Faculty and Staff Spotlight-Prof. Alexandra Pölzlbauer

For December and January's Faculty/Staff Spotlight, we had a one on one interview with Dr. Alexandra Pölzlbauer - Adjunct Professor and German Language Professor at Webster Vienna.

1. Can you tell us more about your academic background?

I finished my first master studies at the University of Vienna in German and English Studies, specializing in teaching German as a foreign/second language. During my studies, I benefited from various teaching opportunities, for example a one-semester internship in the German Department at the Lomonosov Moscow State University. After my return from Moscow, I worked as Teaching/Administrative Assistant in the Austria-Illinois Exchange Program. Realizing the high value of such international study and teaching experiences, I decided to pursue a Ph.D. in Germanic Languages and Literatures at the University of Illinois at Urbana-Champaign.  Here, too, I had the opportunity to study and teach abroad, finishing my dissertation on Globalization and Newer Austrian Literature in Greifswald, Germany and Vienna, Austria.

2. What ambitions did you have when you graduated from your university?

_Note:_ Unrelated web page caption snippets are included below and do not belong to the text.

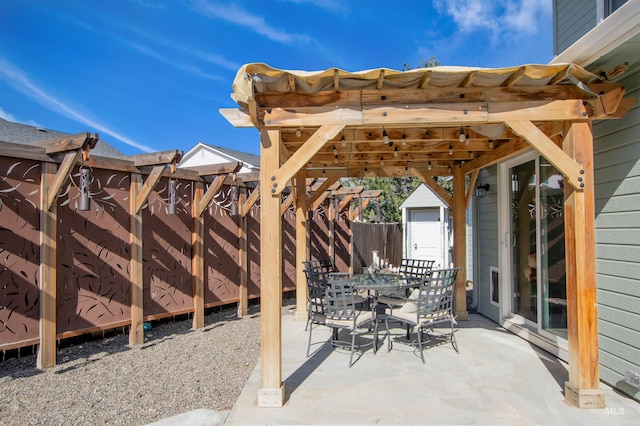 view of patio featuring outdoor dining area and a fenced backyard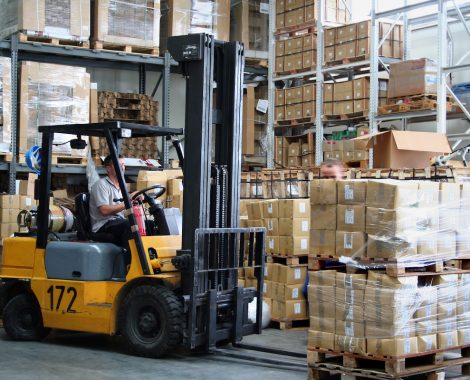 Busy warehouse with pallet trucks working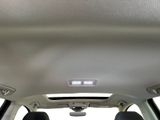 the interior of a car with the sunroof down and the back seats down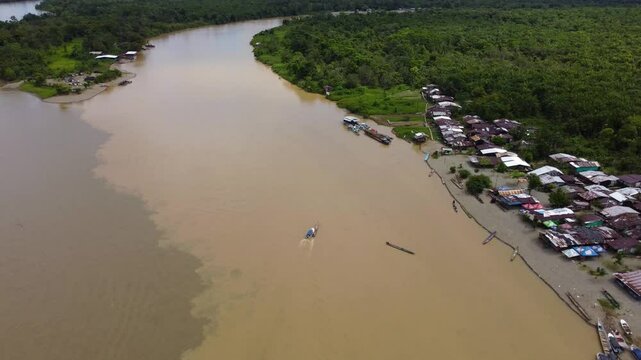 Aerial Majesty of Quibd&oacute;: River, Faith, and Rainforest. Drone views of Quibd&oacute;, Choco, Colombia, featuring the Atrato River, boats, rainforest, and the iconic cathedral. A vibrant mix of nature.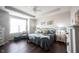 Bright bedroom featuring a tray ceiling, hardwood floors, and modern furnishings at 16164 Loire Valley Dr, Fishers, IN 46037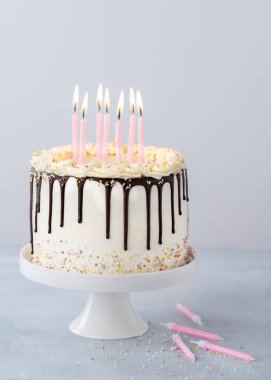 Beyaz doğum günü pastası, çikolata kreması ve açık mavi arkaplanlı ve kopyalanmış mumlar. Moda parti dekorasyonu pasta konsepti.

As a teaching assistant in German language, literature, and culture, it became very important to me to pursue a career that allowed me to continue my work with international students.

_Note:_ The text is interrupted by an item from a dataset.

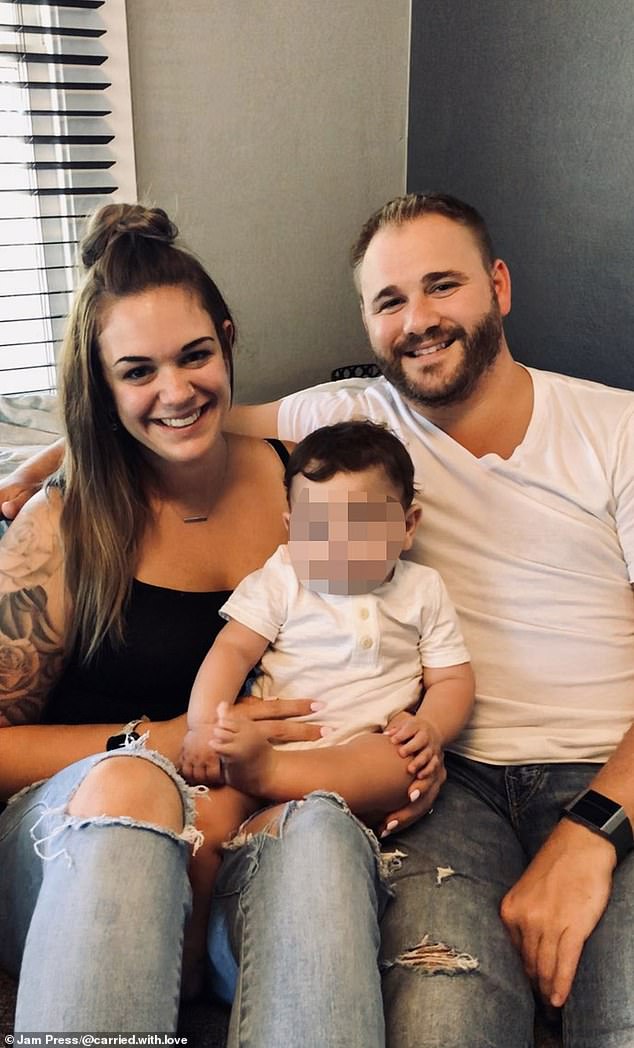 Ms Taylor is pictured with her partner Brandon (right) and a baby she gave birth to. She said Brandon is very supportive of her journey and agrees that surrogacy is a great act of service.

3. As a German language professor, what do you think is the hardest part of learning German?

My students frequently mention the challenge to learn every new German noun with its correct article (masculine, feminine or neuter).  It definitely requires a certain amount of time and discipline, but I have seen many successful “article queens and kings”-- names for winners of our classroom article-search-game -- over the last semesters.

4. What recommendations would you give students at Webster who wish to learn German?

Focus on the details and study hard from the very beginning. I am always impressed by what is actually possible in a few weeks of Beginner German 1090 and 1100. Also, expose yourself to as much German as possible. (Short) movies, poems, short stories, and music are powerful sources to learn and enjoy the German language. Exciting new Austrian musicians like “Wanda”, “Bilderbuch” or “Nino aus Wien” make it easy to find something for everyone`s taste.

5. What do you expect from your students?

A proactive attitude towards work, the willingness to overcome challenges, and the openness to new ideas and perspectives.

6. What do you like the most about teaching German?

Language classrooms always foster a special and creative atmosphere. Participants get to know one another pretty well when discussing various aspects of languages, learning methods, and, most of all, cultural aspects. Also, the variety of methods and sources in language classrooms are unlimited.

7. What is your favorite memory while teaching at Webster Vienna?

That is a difficult choice, but it is definitely those (often humorous) moments, when you see students grow, when they come to class and tell you about sentences they heard on the street they now can understand, when students who have fallen behind suddenly catch up and develop a great interest in languages, when students start comparing linguistic and cultural aspects, when students make little witticisms in German and when we start to share inside-jokes amongst each other. It is also very rewarding when students have presentations about their first short interviews with random people on the street and when they realize they are able to communicate in German to a certain extent. Ideally, their interest and capability to reach out to the German-speaking population of Vienna grows. 

8. Do you have any hidden talents?

Well, I think I would call it a hobby rather than a talent – “But I can say I am able to speak in rhyme all day...”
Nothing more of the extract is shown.